» **Task**
Every line of the data needs to be returned exactly.

Items listed in a dataset
=====
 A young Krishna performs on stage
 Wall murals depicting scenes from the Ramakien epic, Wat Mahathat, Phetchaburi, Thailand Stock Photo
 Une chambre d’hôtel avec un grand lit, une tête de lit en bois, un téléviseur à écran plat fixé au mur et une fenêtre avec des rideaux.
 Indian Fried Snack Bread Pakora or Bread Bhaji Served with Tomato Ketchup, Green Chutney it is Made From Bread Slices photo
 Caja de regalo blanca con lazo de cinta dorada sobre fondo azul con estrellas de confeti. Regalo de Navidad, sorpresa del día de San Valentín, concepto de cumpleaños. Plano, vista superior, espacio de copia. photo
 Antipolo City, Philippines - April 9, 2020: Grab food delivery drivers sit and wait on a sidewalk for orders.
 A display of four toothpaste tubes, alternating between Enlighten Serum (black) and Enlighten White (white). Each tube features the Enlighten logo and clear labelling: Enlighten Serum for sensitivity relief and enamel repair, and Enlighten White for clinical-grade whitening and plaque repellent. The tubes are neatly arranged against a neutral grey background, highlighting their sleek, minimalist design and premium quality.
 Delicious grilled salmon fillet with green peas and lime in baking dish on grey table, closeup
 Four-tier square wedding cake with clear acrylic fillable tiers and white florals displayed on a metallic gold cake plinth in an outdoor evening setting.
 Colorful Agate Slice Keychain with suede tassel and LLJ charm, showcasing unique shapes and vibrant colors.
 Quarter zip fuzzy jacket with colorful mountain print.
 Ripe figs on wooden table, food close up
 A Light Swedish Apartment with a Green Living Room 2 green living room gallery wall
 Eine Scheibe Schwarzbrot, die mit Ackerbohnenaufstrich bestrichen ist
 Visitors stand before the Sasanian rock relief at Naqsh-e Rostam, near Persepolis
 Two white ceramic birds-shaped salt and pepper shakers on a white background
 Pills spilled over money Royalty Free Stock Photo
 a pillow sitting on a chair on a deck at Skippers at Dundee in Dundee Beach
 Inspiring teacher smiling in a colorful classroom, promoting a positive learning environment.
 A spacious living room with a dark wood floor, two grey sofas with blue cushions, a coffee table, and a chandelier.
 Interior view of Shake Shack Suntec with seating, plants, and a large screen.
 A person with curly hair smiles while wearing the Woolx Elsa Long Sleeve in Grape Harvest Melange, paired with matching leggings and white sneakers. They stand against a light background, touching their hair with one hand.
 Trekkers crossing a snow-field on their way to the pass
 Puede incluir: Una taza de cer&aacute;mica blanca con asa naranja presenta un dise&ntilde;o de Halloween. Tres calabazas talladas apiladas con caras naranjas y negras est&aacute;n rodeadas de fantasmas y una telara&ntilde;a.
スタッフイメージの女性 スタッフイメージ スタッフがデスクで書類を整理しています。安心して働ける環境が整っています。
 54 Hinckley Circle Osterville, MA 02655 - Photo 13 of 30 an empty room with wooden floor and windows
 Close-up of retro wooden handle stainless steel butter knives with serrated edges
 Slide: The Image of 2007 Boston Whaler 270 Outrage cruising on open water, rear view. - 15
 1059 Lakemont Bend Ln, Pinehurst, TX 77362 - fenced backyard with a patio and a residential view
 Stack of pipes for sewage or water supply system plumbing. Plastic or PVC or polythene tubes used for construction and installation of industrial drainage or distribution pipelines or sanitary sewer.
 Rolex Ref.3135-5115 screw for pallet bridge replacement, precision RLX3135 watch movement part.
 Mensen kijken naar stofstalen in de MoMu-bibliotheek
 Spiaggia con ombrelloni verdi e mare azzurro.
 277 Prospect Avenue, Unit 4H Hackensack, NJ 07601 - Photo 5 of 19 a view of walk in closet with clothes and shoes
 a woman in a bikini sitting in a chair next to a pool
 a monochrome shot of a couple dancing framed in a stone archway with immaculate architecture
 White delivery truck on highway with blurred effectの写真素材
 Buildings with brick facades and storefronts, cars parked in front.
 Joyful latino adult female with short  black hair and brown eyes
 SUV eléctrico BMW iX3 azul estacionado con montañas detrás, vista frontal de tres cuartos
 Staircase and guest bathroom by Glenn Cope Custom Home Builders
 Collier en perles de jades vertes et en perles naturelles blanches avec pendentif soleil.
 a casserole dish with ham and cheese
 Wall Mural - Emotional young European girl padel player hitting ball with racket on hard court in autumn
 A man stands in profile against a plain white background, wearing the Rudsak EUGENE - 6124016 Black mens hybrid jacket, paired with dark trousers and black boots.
=====
» **Reply to the exercise**
 A young Krishna performs on stage
 Wall murals depicting scenes from the Ramakien epic, Wat Mahathat, Phetchaburi, Thailand Stock Photo
 Une chambre d’hôtel avec un grand lit, une tête de lit en bois, un téléviseur à écran plat fixé au mur et une fenêtre avec des rideaux.
 Indian Fried Snack Bread Pakora or Bread Bhaji Served with Tomato Ketchup, Green Chutney it is Made From Bread Slices photo
 Caja de regalo blanca con lazo de cinta dorada sobre fondo azul con estrellas de confeti. Regalo de Navidad, sorpresa del día de San Valentín, concepto de cumpleaños. Plano, vista superior, espacio de copia. photo
 Antipolo City, Philippines - April 9, 2020: Grab food delivery drivers sit and wait on a sidewalk for orders.
 A display of four toothpaste tubes, alternating between Enlighten Serum (black) and Enlighten White (white). Each tube features the Enlighten logo and clear labelling: Enlighten Serum for sensitivity relief and enamel repair, and Enlighten White for clinical-grade whitening and plaque repellent. The tubes are neatly arranged against a neutral grey background, highlighting their sleek, minimalist design and premium quality.
 Delicious grilled salmon fillet with green peas and lime in baking dish on grey table, closeup
 Four-tier square wedding cake with clear acrylic fillable tiers and white florals displayed on a metallic gold cake plinth in an outdoor evening setting.
 Colorful Agate Slice Keychain with suede tassel and LLJ charm, showcasing unique shapes and vibrant colors.
 Quarter zip fuzzy jacket with colorful mountain print.
 Ripe figs on wooden table, food close up
 A Light Swedish Apartment with a Green Living Room 2 green living room gallery wall
 Eine Scheibe Schwarzbrot, die mit Ackerbohnenaufstrich bestrichen ist
 Visitors stand before the Sasanian rock relief at Naqsh-e Rostam, near Persepolis
 Two white ceramic birds-shaped salt and pepper shakers on a white background
 Pills spilled over money Royalty Free Stock Photo
 a pillow sitting on a chair on a deck at Skippers at Dundee in Dundee Beach
 Inspiring teacher smiling in a colorful classroom, promoting a positive learning environment.
 A spacious living room with a dark wood floor, two grey sofas with blue cushions, a coffee table, and a chandelier.
 Interior view of Shake Shack Suntec with seating, plants, and a large screen.
 A person with curly hair smiles while wearing the Woolx Elsa Long Sleeve in Grape Harvest Melange, paired with matching leggings and white sneakers. They stand against a light background, touching their hair with one hand.
 Trekkers crossing a snow-field on their way to the pass
 Puede incluir: Una taza de cer&aacute;mica blanca con asa naranja presenta un dise&ntilde;o de Halloween. Tres calabazas talladas apiladas con caras naranjas y negras est&aacute;n rodeadas de fantasmas y una telara&ntilde;a.
スタッフイメージの女性 スタッフイメージ スタッフがデスクで書類を整理しています。安心して働ける環境が整っています。
 54 Hinckley Circle Osterville, MA 02655 - Photo 13 of 30 an empty room with wooden floor and windows
 Close-up of retro wooden handle stainless steel butter knives with serrated edges
 Slide: The Image of 2007 Boston Whaler 270 Outrage cruising on open water, rear view. - 15
 1059 Lakemont Bend Ln, Pinehurst, TX 77362 - fenced backyard with a patio and a residential view
 Stack of pipes for sewage or water supply system plumbing. Plastic or PVC or polythene tubes used for construction and installation of industrial drainage or distribution pipelines or sanitary sewer.
 Rolex Ref.3135-5115 screw for pallet bridge replacement, precision RLX3135 watch movement part.
 Mensen kijken naar stofstalen in de MoMu-bibliotheek
 Spiaggia con ombrelloni verdi e mare azzurro.
 277 Prospect Avenue, Unit 4H Hackensack, NJ 07601 - Photo 5 of 19 a view of walk in closet with clothes and shoes
 a woman in a bikini sitting in a chair next to a pool
 a monochrome shot of a couple dancing framed in a stone archway with immaculate architecture
 White delivery truck on highway with blurred effectの写真素材
 Buildings with brick facades and storefronts, cars parked in front.
 Joyful latino adult female with short  black hair and brown eyes
 SUV eléctrico BMW iX3 azul estacionado con montañas detrás, vista frontal de tres cuartos
 Staircase and guest bathroom by Glenn Cope Custom Home Builders
 Collier en perles de jades vertes et en perles naturelles blanches avec pendentif soleil.
 a casserole dish with ham and cheese
 Wall Mural - Emotional young European girl padel player hitting ball with racket on hard court in autumn
 A man stands in profile against a plain white background, wearing the Rudsak EUGENE - 6124016 Black mens hybrid jacket, paired with dark trousers and black boots.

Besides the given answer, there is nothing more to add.